=== Problem ===
Beginning with the line containing "Welcome to Design" and going on through the line containing "This is a very", the lines below are to be returned exactly, pictures excluded and nothing added.

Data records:

##############################

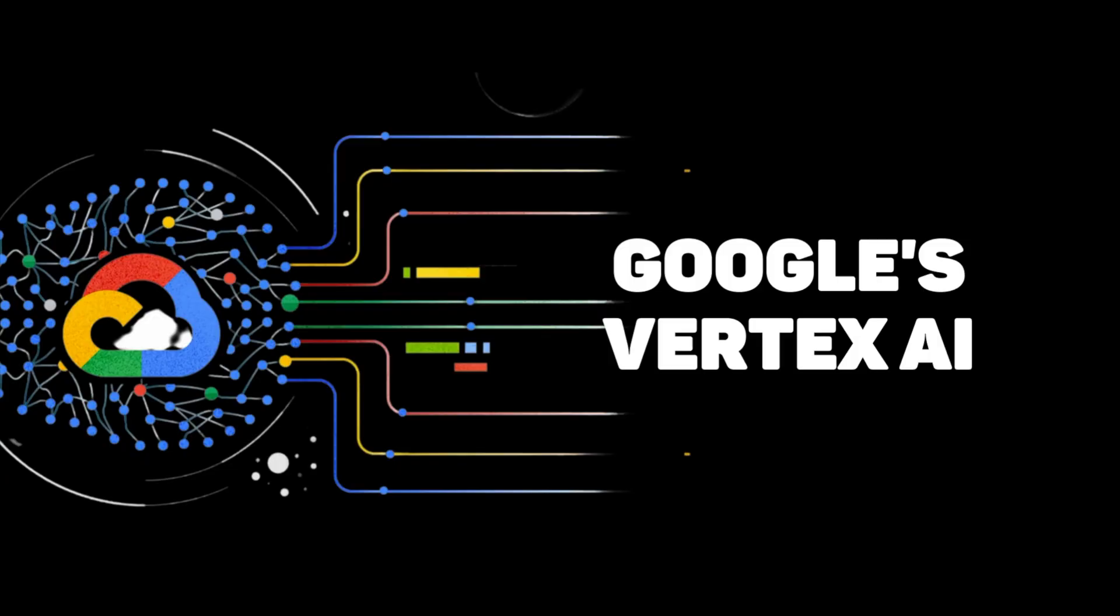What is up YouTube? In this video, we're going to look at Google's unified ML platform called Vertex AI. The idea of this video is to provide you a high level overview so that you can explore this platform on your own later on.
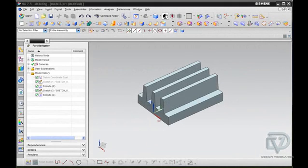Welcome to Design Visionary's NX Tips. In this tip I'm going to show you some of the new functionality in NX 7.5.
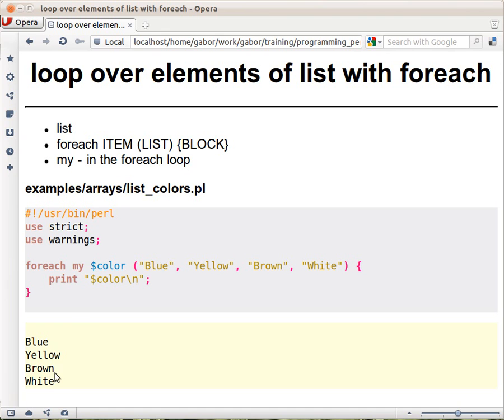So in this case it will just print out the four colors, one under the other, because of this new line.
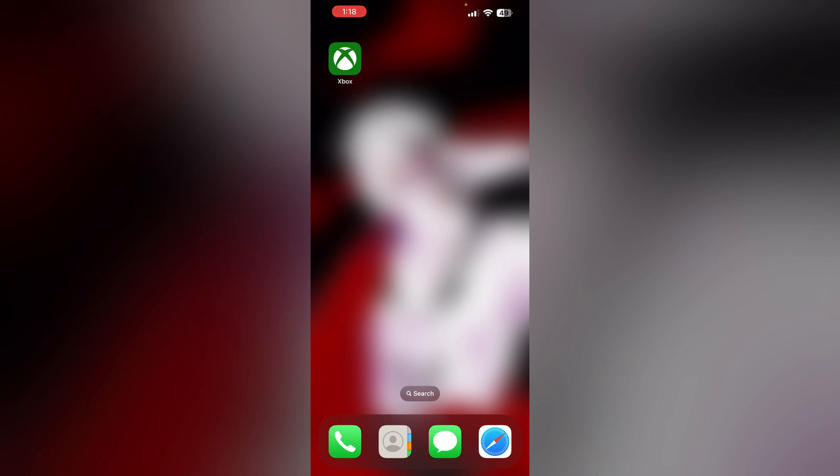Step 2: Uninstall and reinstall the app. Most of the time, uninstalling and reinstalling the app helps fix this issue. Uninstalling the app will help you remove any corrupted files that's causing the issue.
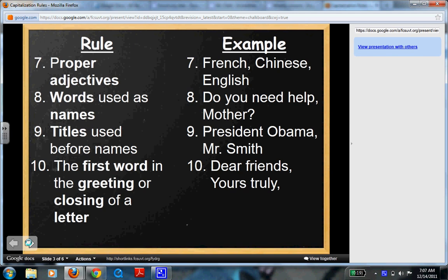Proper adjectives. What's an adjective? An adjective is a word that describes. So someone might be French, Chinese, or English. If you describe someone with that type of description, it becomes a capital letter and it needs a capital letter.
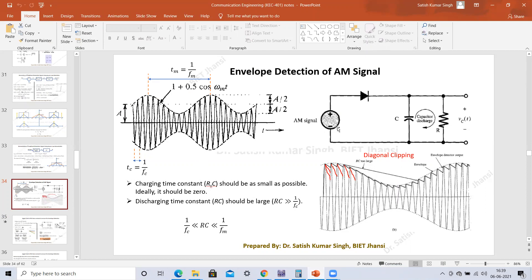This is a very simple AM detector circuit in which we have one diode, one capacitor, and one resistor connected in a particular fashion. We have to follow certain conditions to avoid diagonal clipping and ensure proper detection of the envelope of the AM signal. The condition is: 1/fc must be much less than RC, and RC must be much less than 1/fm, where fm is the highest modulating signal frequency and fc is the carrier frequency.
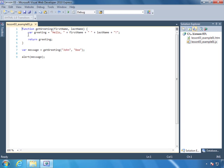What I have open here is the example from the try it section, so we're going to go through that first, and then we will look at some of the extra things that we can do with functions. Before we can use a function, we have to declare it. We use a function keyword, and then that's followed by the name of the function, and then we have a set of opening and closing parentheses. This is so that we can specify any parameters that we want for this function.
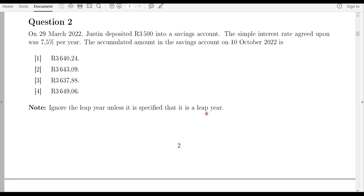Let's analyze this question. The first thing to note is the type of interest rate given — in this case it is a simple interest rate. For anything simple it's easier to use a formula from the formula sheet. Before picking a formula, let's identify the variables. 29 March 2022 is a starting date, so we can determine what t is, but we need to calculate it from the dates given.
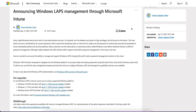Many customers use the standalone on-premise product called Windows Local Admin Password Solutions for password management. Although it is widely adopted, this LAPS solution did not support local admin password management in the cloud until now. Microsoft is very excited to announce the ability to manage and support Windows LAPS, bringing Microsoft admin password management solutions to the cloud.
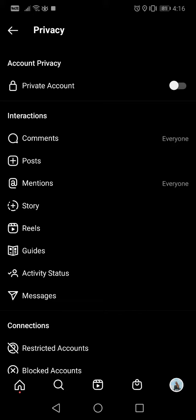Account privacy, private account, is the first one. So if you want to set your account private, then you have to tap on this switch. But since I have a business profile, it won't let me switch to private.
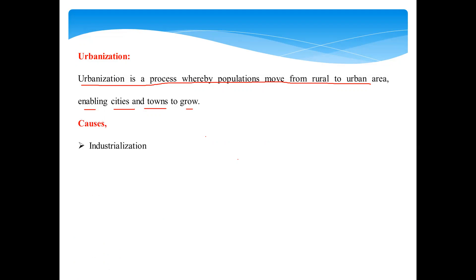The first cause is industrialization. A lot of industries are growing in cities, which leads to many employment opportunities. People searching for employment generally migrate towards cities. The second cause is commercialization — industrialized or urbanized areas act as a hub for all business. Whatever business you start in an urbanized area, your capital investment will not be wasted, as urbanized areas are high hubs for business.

##############################

=== Task response ===
Welcome to Design Visionary's NX Tips. In this tip I'm going to show you some of the new functionality in NX 7.5.
So in this case it will just print out the four colors, one under the other, because of this new line.
Step 2: Uninstall and reinstall the app. Most of the time, uninstalling and reinstalling the app helps fix this issue. Uninstalling the app will help you remove any corrupted files that's causing the issue.
Proper adjectives. What's an adjective? An adjective is a word that describes. So someone might be French, Chinese, or English. If you describe someone with that type of description, it becomes a capital letter and it needs a capital letter.
This is a very simple AM detector circuit in which we have one diode, one capacitor, and one resistor connected in a particular fashion. We have to follow certain conditions to avoid diagonal clipping and ensure proper detection of the envelope of the AM signal. The condition is: 1/fc must be much less than RC, and RC must be much less than 1/fm, where fm is the highest modulating signal frequency and fc is the carrier frequency.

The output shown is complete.